Twenty-six people from Malvani in Malad were admitted to Nair hospital from June 18 to 23 for methanol poisoning. All had consumed 150-250ml of liquor six to 24 hours prior to admission. Out of these, seven who were very critical were transferred to the Medical Intensive Care Unit. A majority of them had blurring of vision on admission. All of them had headache, chest discomfort and giddiness, along with severe acidosis (bicarbonate levels ranging from as low as 1 to 7 (normal being 18 to 24).

We treated them with ethyl alcohol (via ryles tube) and sodium bicarbonate intravenously, a standard treatment for methanol poisoning. Thirteen patients received haemodialysis (11 required only one session and two required two sessions each), which is again a standard practice to remove formic acid — a metabolic product of methanol.
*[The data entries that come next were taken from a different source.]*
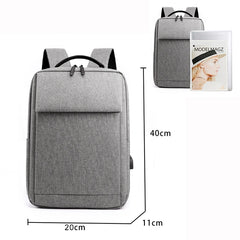Waterproof Nylon Men's Backpack USB Charging Laptop Rucksack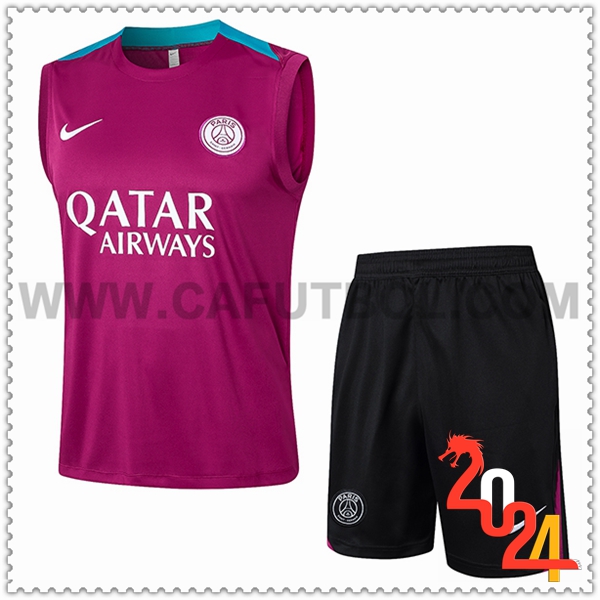 Camiseta Entrenamiento sin mangas PSG Violeta 2024 2025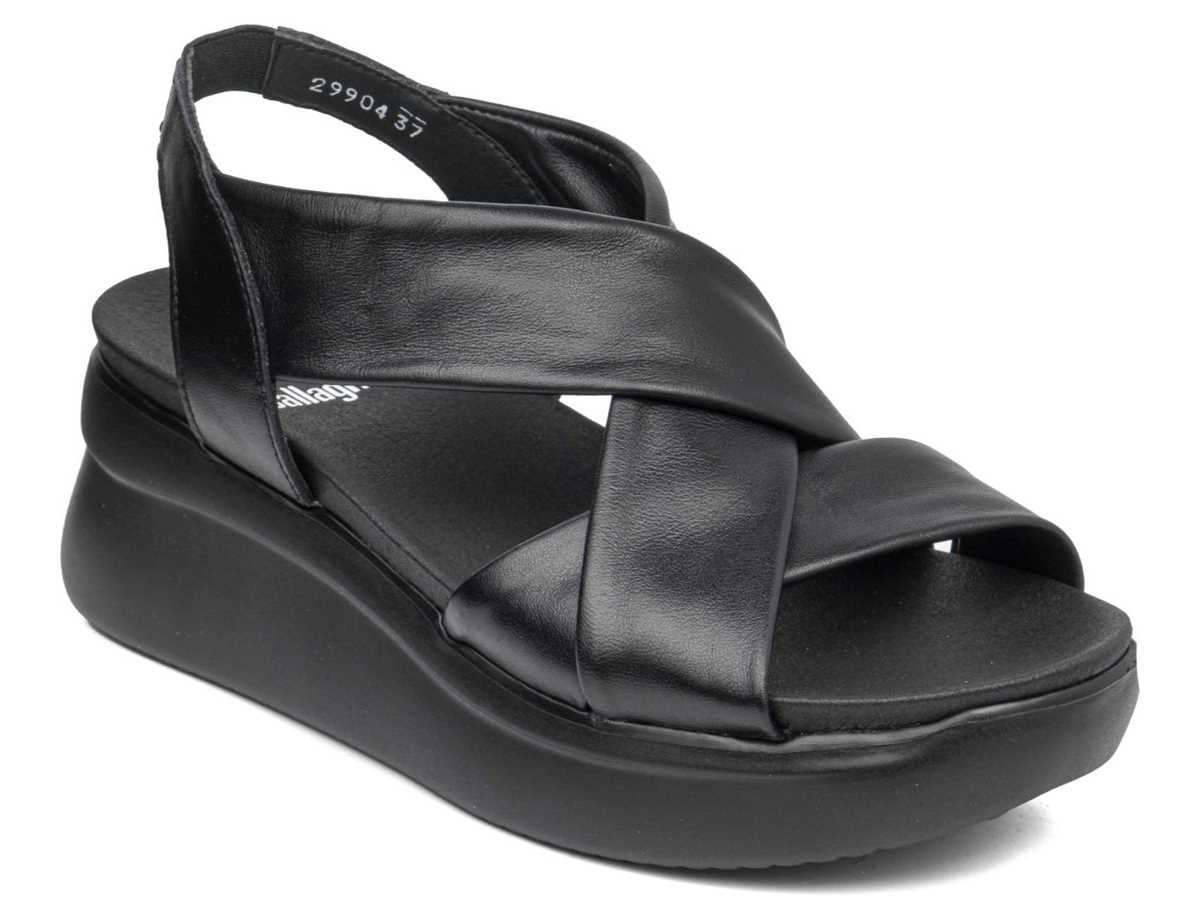 Sandalias de Plataforma Callaghan 29904 Llana Mujer Negros | AJD773OX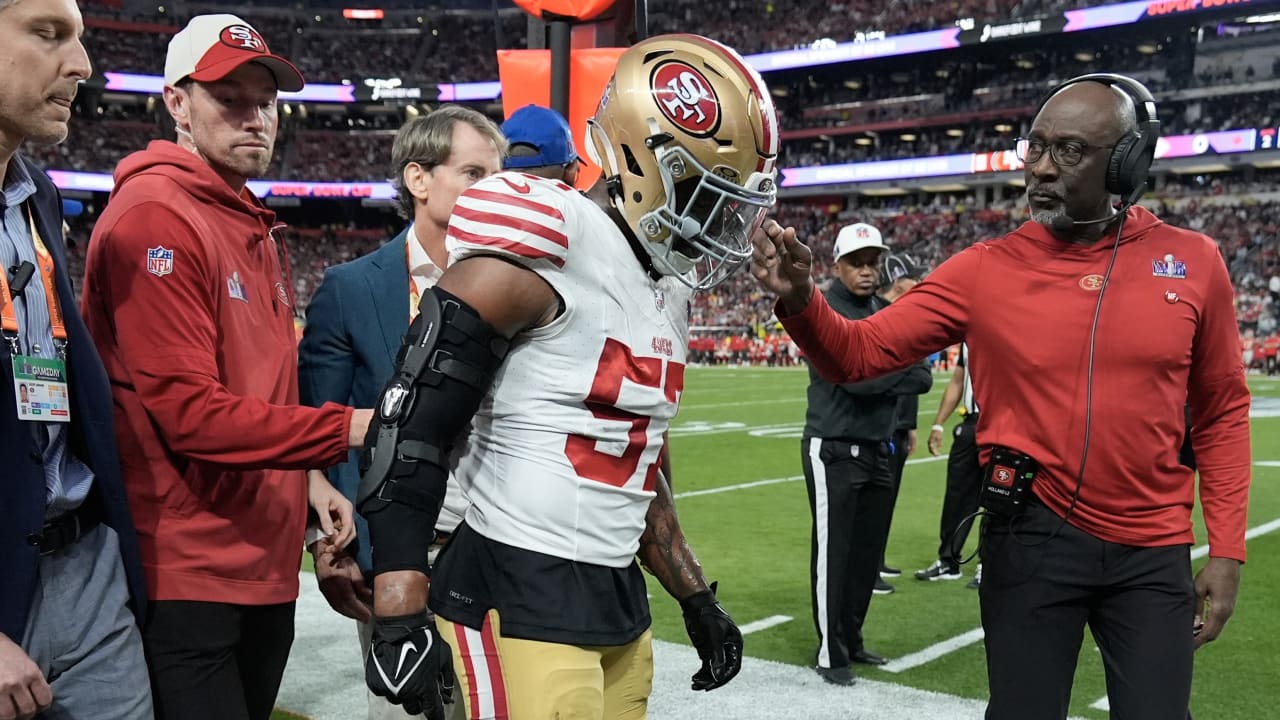 Dre Greenlaw still sheds tears over Achilles injury suffered in 49ers ...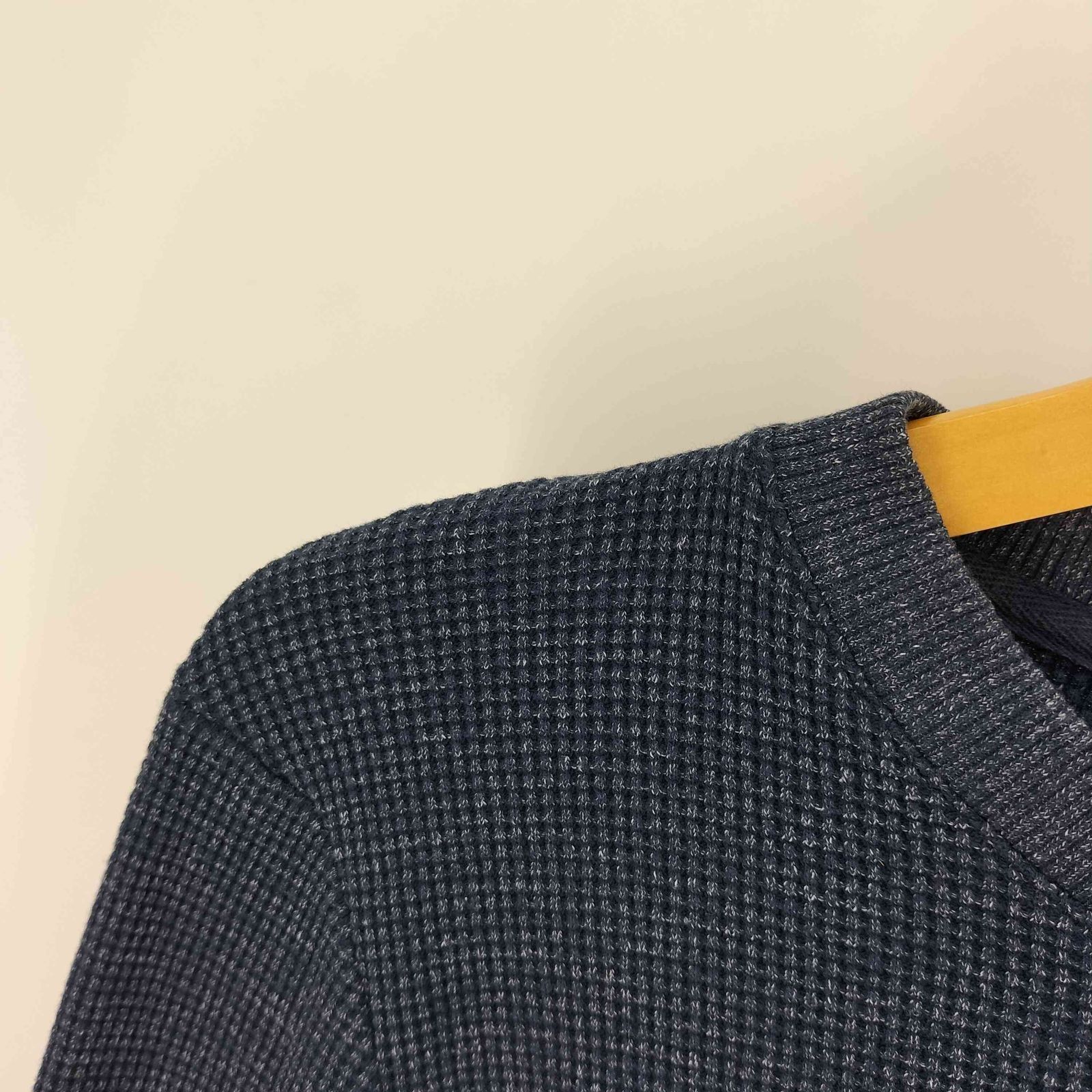 アーペーセー A.P.C. リブ切替 クルーネック サーマル カットソー 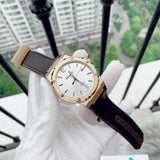 Salvatore Ferragamo F-80 Classic White Dial Brown Leather Strap Watch for Men - SFDT00819 Buy Now By Salvatore Ferragamo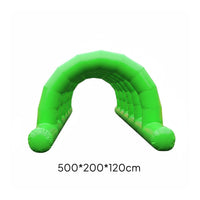 4 Pieces Long-Lasting PVC Inflatable Obstacle Course Set Portable Team Building Inflatable Course Easy Setup Reusable for Adults, Kids, Sports Day, Company Picnics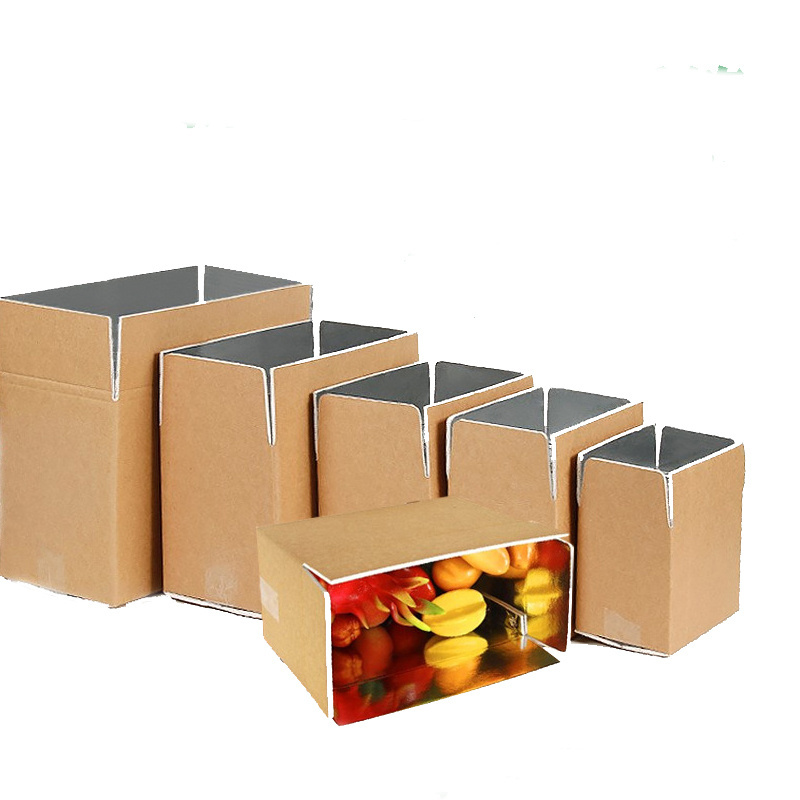 Aluminum Foil Cardboard Insulated Box for Keeping Food Fresh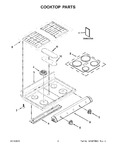 Diagram for 02 - Cooktop Parts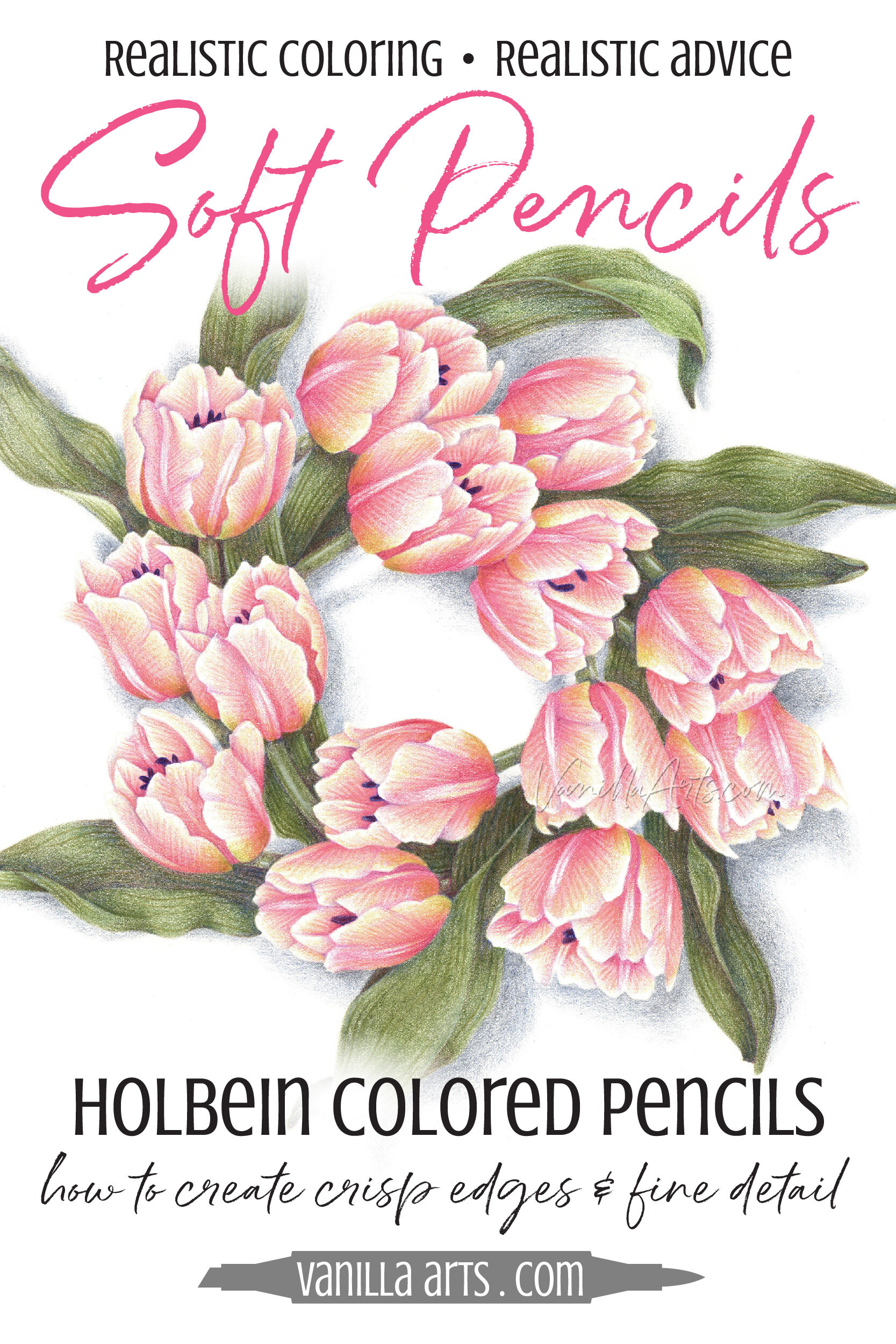 Colored Pencils: Combine Pencil Brands for Better Control (Holbein & Caran  d'Ache Pablo) — Vanilla Arts Co.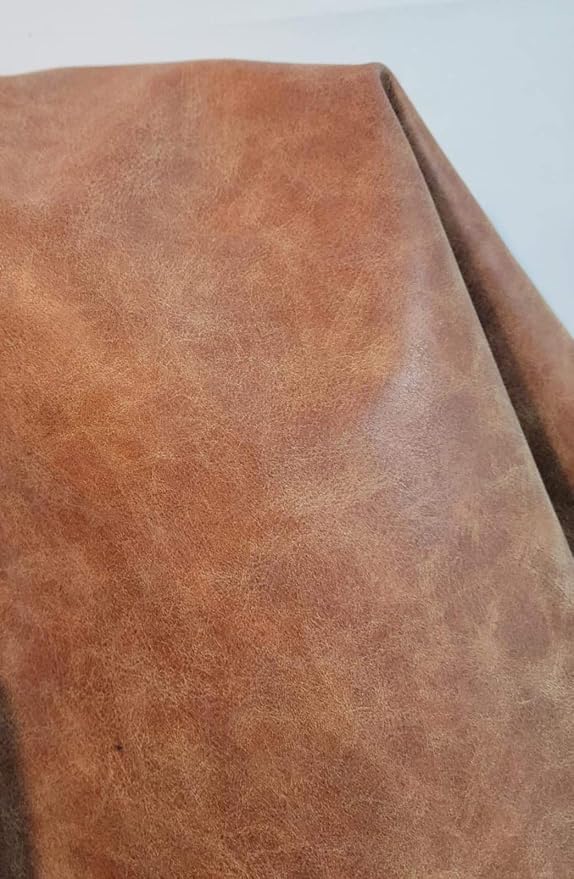 NAT Leathers | Blonde Crazy Horse Soft Faux Vegan Leather PU | 1 Yard Cut by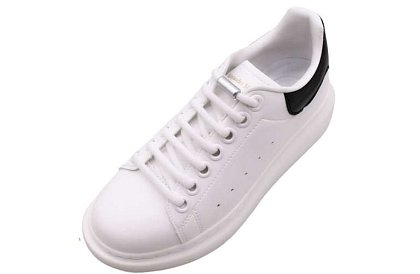 Elastické tkaničky do bot - bez zavazování - bílé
All patients also received adequate intravenous fluids and were monitored round the clock. We also subjected them to investigations and ophthalmic examinations to rule out optic nerve damage.

Out of those admitted, 10 died and 13 recovered, with no residual visual deficit. One patient, who is otherwise stable, has suffered from loss of vision, while two are still in critical care unit. None of the patients had any neurological complications. However, late complications, such as rigidity (stiffness of the body) and tremors, which are Parkinsonian features, are known to occur in some patients a couple of months after exposure to methanol.

Hence, patients need to be followed up on for a period of time for these symptoms.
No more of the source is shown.